§ WHAT THIS TASK INVOLVES
Starting at the first line below, copy through to the last line exactly.

§ DATASET CONTENT
== Segment start ==

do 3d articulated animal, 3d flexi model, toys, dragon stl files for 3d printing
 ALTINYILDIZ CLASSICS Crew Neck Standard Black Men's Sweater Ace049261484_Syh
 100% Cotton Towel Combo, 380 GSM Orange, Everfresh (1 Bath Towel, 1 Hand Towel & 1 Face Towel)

== Segment end ==

§ RESPONSE
do 3d articulated animal, 3d flexi model, toys, dragon stl files for 3d printing
 ALTINYILDIZ CLASSICS Crew Neck Standard Black Men's Sweater Ace049261484_Syh
 100% Cotton Towel Combo, 380 GSM Orange, Everfresh (1 Bath Towel, 1 Hand Towel & 1 Face Towel)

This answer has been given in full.